A very important question to ask providers at a national level is how they define “frequent painful events” since they are the ones making the decision at the patient’s bedside about whether hydroxyurea is indicated. A recently conducted study found lack of consensus on the definition of frequent pain amongst pediatric SCD providers. Forty-two percent of providers used only pain requiring hospitalization as criteria for prescribing hydroxyurea whereas 44% accounted for pain both at home and in the hospital when prescribing hydroxyurea.34

In order to promote the utilization of hydroxyurea, a consensus definition for “frequent painful events” in SCD should exist. This definition should account for all the available pain literature in SCD, including pain managed both in and out of the hospital. We must educate all providers to ask patients about pain experienced at home since this is clearly underreported and is a very important measure of a patient’s disease severity.
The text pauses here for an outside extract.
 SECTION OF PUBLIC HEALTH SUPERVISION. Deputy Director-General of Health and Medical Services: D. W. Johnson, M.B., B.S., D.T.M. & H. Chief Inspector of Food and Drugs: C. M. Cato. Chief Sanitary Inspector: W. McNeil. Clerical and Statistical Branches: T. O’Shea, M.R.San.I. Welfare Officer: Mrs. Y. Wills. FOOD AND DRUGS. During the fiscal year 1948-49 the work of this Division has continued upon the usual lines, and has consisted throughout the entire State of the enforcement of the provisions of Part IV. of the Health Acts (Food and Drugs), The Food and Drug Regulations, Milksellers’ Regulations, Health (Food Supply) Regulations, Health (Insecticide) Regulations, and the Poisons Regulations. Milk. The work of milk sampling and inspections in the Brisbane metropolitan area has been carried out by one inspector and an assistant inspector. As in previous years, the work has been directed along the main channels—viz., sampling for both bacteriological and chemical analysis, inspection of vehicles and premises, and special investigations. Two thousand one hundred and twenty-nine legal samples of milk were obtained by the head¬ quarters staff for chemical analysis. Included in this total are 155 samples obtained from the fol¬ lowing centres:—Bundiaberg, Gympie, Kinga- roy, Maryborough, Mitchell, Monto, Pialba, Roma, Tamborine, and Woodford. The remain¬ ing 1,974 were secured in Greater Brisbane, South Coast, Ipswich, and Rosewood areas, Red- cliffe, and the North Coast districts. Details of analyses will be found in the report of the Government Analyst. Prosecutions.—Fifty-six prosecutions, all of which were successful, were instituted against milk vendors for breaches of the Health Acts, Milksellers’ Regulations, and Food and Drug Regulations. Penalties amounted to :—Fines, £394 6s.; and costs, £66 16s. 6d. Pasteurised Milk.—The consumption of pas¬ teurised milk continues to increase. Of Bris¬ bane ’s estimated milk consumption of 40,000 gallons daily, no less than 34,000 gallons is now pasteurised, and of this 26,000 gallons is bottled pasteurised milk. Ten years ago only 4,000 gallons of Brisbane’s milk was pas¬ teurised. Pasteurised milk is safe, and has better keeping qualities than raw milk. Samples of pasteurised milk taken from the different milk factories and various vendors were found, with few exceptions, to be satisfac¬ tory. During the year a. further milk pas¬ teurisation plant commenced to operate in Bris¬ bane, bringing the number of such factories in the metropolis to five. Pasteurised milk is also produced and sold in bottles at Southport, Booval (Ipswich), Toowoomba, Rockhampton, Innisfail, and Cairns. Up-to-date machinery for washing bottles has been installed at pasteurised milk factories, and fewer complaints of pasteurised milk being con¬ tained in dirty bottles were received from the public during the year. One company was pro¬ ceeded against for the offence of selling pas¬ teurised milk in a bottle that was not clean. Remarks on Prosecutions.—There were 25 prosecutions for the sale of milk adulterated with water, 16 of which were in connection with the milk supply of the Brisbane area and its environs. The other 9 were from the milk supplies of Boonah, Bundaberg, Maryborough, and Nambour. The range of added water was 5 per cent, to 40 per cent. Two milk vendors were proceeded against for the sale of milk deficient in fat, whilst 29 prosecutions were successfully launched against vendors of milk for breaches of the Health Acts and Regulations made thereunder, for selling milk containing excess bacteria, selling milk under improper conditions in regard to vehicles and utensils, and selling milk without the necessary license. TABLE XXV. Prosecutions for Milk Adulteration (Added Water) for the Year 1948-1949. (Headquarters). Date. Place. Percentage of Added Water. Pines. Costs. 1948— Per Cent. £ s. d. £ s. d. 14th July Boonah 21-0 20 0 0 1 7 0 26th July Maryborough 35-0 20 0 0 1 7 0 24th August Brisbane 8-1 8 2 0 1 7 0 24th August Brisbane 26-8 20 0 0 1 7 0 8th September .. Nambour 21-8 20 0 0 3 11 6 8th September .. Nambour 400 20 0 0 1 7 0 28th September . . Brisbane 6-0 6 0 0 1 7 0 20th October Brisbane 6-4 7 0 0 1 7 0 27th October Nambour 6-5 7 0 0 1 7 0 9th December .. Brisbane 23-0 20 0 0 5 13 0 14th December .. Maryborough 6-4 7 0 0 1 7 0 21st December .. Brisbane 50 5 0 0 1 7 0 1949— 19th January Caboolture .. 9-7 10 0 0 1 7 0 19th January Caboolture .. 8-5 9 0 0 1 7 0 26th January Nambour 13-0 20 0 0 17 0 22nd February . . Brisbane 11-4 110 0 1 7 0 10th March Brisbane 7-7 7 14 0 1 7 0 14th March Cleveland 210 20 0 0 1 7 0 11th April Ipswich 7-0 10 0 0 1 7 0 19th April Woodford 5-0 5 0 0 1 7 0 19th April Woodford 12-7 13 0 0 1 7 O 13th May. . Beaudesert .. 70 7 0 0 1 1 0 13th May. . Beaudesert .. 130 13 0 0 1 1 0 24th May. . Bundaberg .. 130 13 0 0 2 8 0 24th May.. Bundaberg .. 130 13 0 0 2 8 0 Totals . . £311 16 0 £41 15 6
It is also vital to know how this pain is impacting the daily lives of patients and if functional impairment is occurring from this pain. Importantly, interventions aimed at decreasing the frequency of painful events require a common definition taking into account what happens in patients lives both in and out of the hospital or clinic. The lack of a consensus definition accounting for all available SCD pain literature will continue to be a barrier to the prescribing of hydroxyurea where patients that truly may benefit will not be offered the drug.

Patient-reported Outcomes are an Ideal Way to Measure the Functional Impact of SCD

Incorporating the patient’s perspective of his/her own disease is vital to the full assessment of patients who may benefit from hydroxyurea. Patient reported outcomes (PROs) such as health-related quality of life assessments aimed at assessing well being of the patient are an ideal method for determining which patients may benefit from hydroxyurea treatment when they are used in conjunction with medical indications.35 PROs are able to assess the extent of the disease’s impact on the function of the patient from a physical and psychosocial aspect. In addition, PROs are an ideal way to assess patients who suffer from chronic pain managed at home for whom hydroxyurea may be indicated and would otherwise be missed if only pain events treated with parenteral narcotics in a medical setting are accounted for.7

What are the risks of Hydroxyurea?

What we know about the risks of hydroxyurea in patients with SCD

Hydroxyurea has been in use for over 25 years in patients with SCD.36 Given that, it is well known in patients with SCD that hydroxyurea use is associated with cytopenias. This most commonly involves neutropenia but there may also be associated thrombocytopenia and worsening anemia.16 The cytopenias are reversible upon cessation of the drug and hydroxyurea can often be tolerated using decreased doses in those patients who have experienced cytopenia as a side effect. In addition, patients may experience nail or skin changes most often involving hyperpigmentation.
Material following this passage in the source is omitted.